É somente tal triangularização entre prestador de contas, instituição financeira e terceiro contratado, com dados provenientes de diversas fontes, que permite, nos termos da Resolução TSE n. 23.607/19, o efetivo controle dos gastos de campanha a partir do confronto dos dados pertinentes. Saliente-se, ademais, que tal necessidade de controle avulta em importância quando, como no caso, se trata de aplicação de recursos públicos.

 

Observo que o próprio recorrente confessa o descumprimento da norma ao confirmar que realizou o saque do valor (R$ 4.978,00) com o objetivo de depositar tal quantia na conta Outros Recursos, o que vai de encontro com a previsão do art. 9º, §2º, da Resolução TSE n. 23.607/19.

Destaco, ao fim, que a alegação de que a Sra. Maria Emília teria recebido o valor de R$ 3.100,00, bem demonstra as lacunas existentes na prestação de contas, visto que não houve a correta comprovação da regularidade da despesa (ID 44866031).

É dever do candidato a inserção de dados no Sistema de Prestação de Contas Eleitorais (SPCE), de forma completa e documentada, nos termos do art. 53, inc.

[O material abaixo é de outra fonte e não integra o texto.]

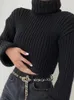 Women's Sweaters Short Turtleneck Knited Sweater Slim Warm Solid Women Crop Pullovers 2024 Spring Casual Ribbed Female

I, da Resolução TSE n. 23.607/19, bem como o integral cumprimento do art. 38 da Resolução TSE n. 23.607/19.

Desse modo, acertada a sentença ao reconhecer a irregularidade em tela, desaprovando as contas do candidato.

Diante do exposto, VOTO pelo conhecimento e desprovimento do recurso interposto por LUIZ PEGORARO, mantendo a sentença que desaprovou as contas relativas ao pleito de 2020 em sua íntegra.

É como voto, senhor Presidente.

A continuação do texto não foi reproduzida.